Under the chapter “Dream Team,” I learned about a college football program in New Jersey that never even existed, but found itself getting a bit of notice from New York and Pennsylvania area newspapers in 1941.
In a nutshell, members of Wall Street brokerage firm Newburger, Loeb & Company (Morris Newburger was the mastermind of the deception, with help from Lew Krupnick and Bink Dannenbaum) decided to make a up a team – Plainfield Teachers – and call in its scores to publications such as the New York Times and Herald-Tribune. Not only that, they conjured a player named Johnny Chung, a Chinese halfback who was running roughshod over the opposition.
The ruse continued for a few weeks until an anonymous call to the Herald-Tribune caused sports desks to question everything they thought they knew about the “college.”

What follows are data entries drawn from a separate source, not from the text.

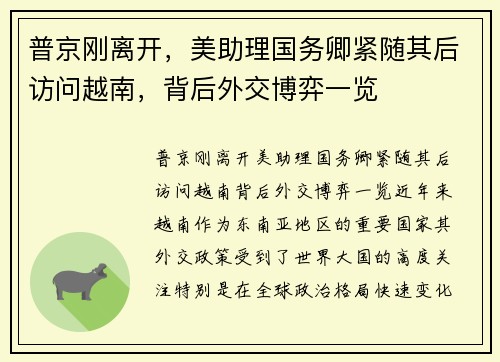 普京刚离开，美助理国务卿紧随其后访问越南，背后外交博弈一览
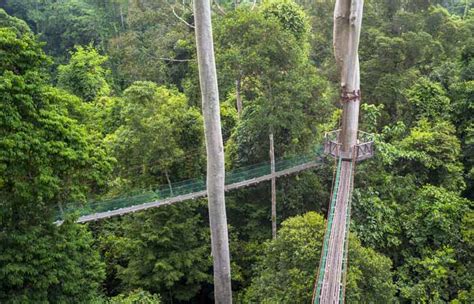 3D2N Danum Valley Wildlife Tour - Danum Valley Field Centre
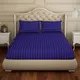 Blue__SLEEPING OWLS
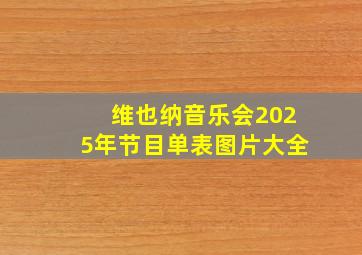 维也纳音乐会2025年节目单表图片大全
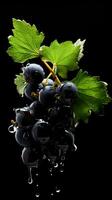 AI Generative a photo of blackcurrant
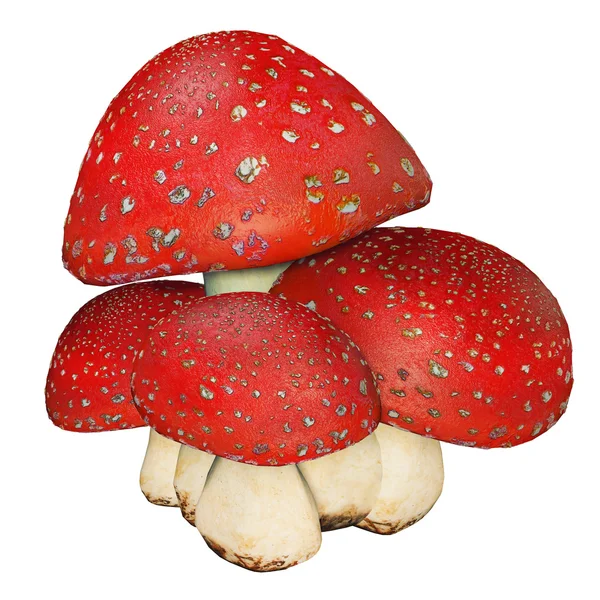 Funghi rossi, mosca ararica — Foto Stock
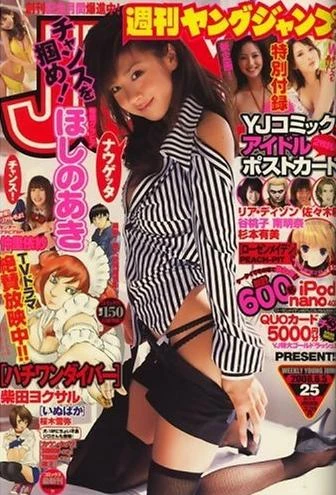 Cover of No. 25, 2008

I was so enamored with the phony school that I once created a “Plainfield Teachers” team in EA Sports NCAA Football (leading them to a pair of MAC titles, if I remember correctly).

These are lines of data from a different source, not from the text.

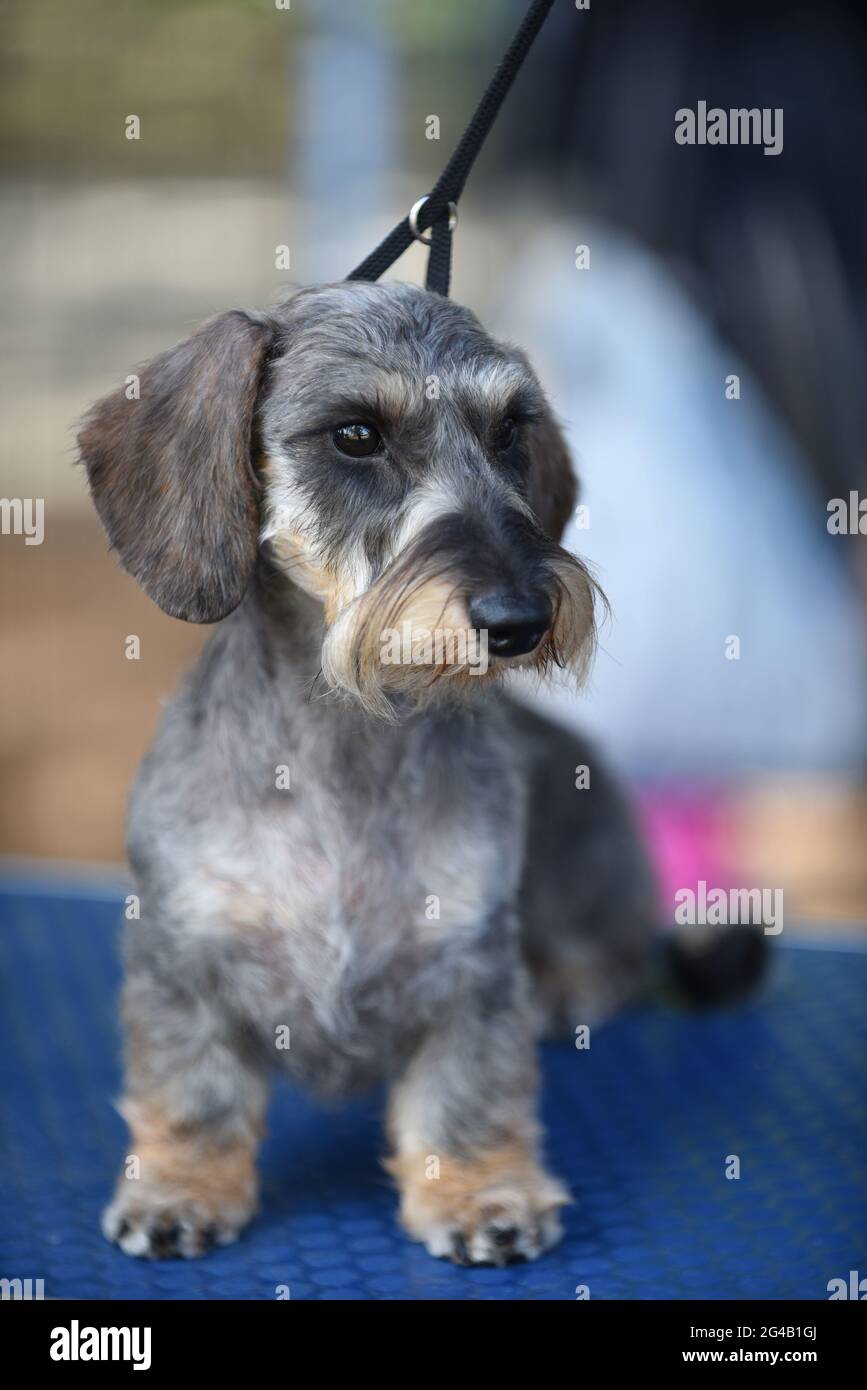 Miniature wire-haired dachshund at a dog show. The wire-haired dachshund, the last to develop, was bred in the late 19th century. There is a possibili Stock Photo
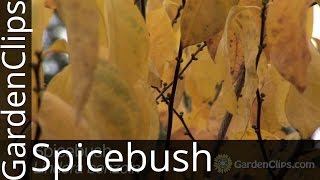 Spicebush  Lindera benzoin  How to grow Spicebush [upl. by Pillihp575]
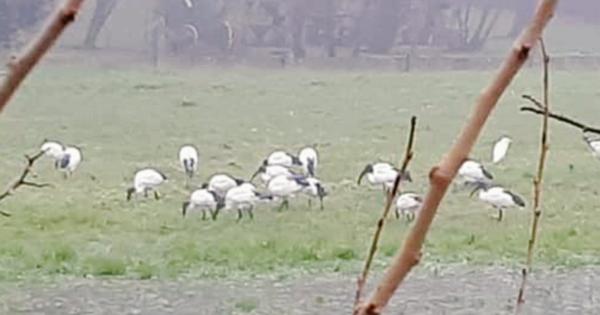 L Ibis Sacro Del Nilo Fa Capolino Nel Centro Di Badia Polesine La Voce Di Rovigo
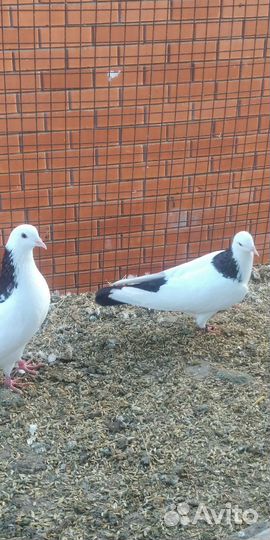 Голуби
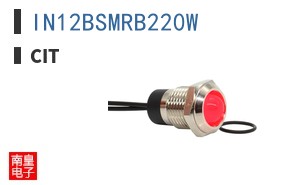 IN12BSMRB220W ͼƬ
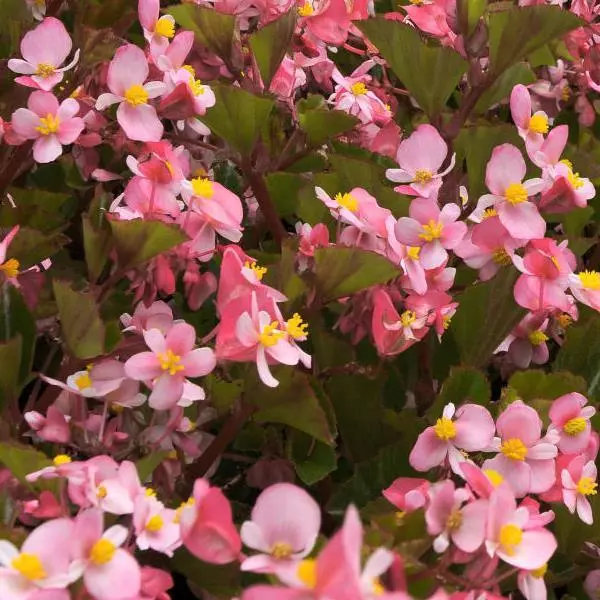 Бегония BabyWing Розовая - Pink, Begonia interspecific - Фото №1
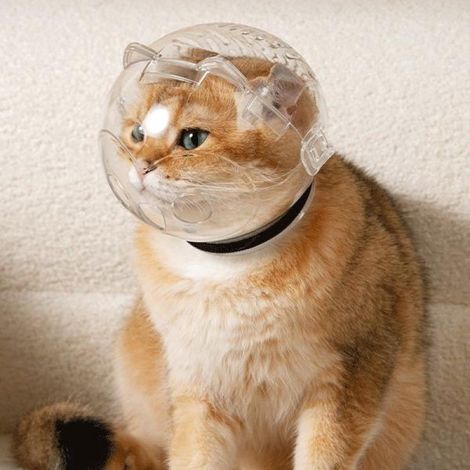 ZENITHMIND Panier de muselière respirante pour chat, protection anti-morsure, confortable (1/5)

Just for fun, I decided to do some research and find out just how popular this phantom team became. Looking through available archives, about all I could find were bogus scores. But according to a 2016 New York Times story, the hoax was much more elaborate:
There was a groundswell of press interest about this small-college football powerhouse. Mr. Newburger gave birth to a sports information director for Plainfield Teachers College. His name was Jerry Croyden, fashioned from Newburger’s familiarity with the Croydon Hotel on the Upper East Side. Mr. Newburger became Mr. Croyden, and was the only one who answered the new, $5-a-month phone line that was installed at the brokerage firm.

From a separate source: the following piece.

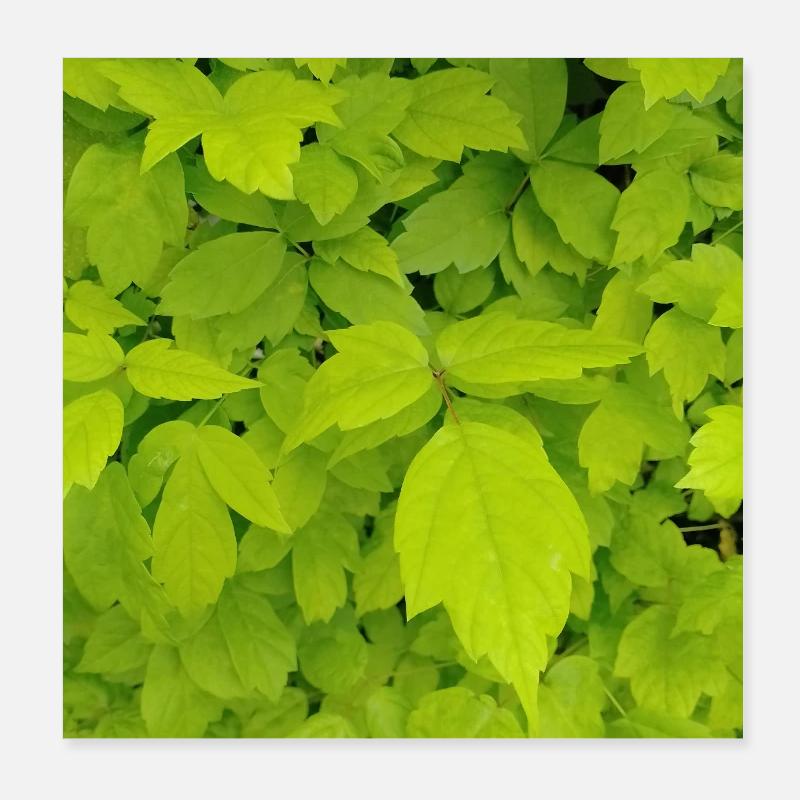 Ash maple / Acer negundo Poster 8" x 8" (20x20 cm)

Jerry Croyden (Mr. Newburger), with Mr. Dannenbaum’s help, began producing news releases with a Plainfield Teachers letterhead. The team acquired a nickname (the Lions) and was outfitted in the school colors (mauve and puce). Its coach was Ralph “Hurry Up” Hoblitzel, a former Spearfish Normal star who devised the W-formation, in which both ends faced the backfield. One of the ends was “Boarding House” Smithers.
But Chung was the star, and the stats Newburger provided via his press releases (Chung – nicknamed the “Celestial Comet” – had supposedly scored 57 of Plainfield’s 98 points through four games) duped New York Post columnist Herbert Allan into mentioning Chung prominently in his “College Grapevine” column.
In reality, though, the most nationwide publicity Chung and Plainfield Teachers received was when the prank was uncovered. A story written by William Tucker of United Press International appeared in newspapers across the country on November 15, 1941.
“The flying figments not only are unbeaten and untied, they are unreal,” Tucker wrote. “But for the better part of this football season their fabulous deeds on the gridiron received some due notice in some of the nation’s leading newspapers.”
The story revealed that Plainfield’s foes (Chesterton, Scott, Winona, Randolph Tech, Ingersoll, Appalachian Tech, Harmony Teachers and St. Joseph) were also fictitious.
Talk about fantasy football.
In an era when calling in scores was common practice and newspapers were the primary source of information, who knows how long the deceit would’ve continued?
Yet, someone apparently thought the joke was no longer amusing, and his tip on November 11 prompted newspaper employees in the northeast to check Plainfield’s credentials.
They had none.
“Plainfield’s brief but terrific saga as a pigskin power ended last Tuesday when an anonymous tipster telephoned the Herald-Tribune sports department and said: ‘I’ll give you fellows a tip. There ain’t no such college as Plainfield Teachers. Bunch of fellows down on wall street are kidding you.’”
Eighty-two years later, I still think it’s pretty funny.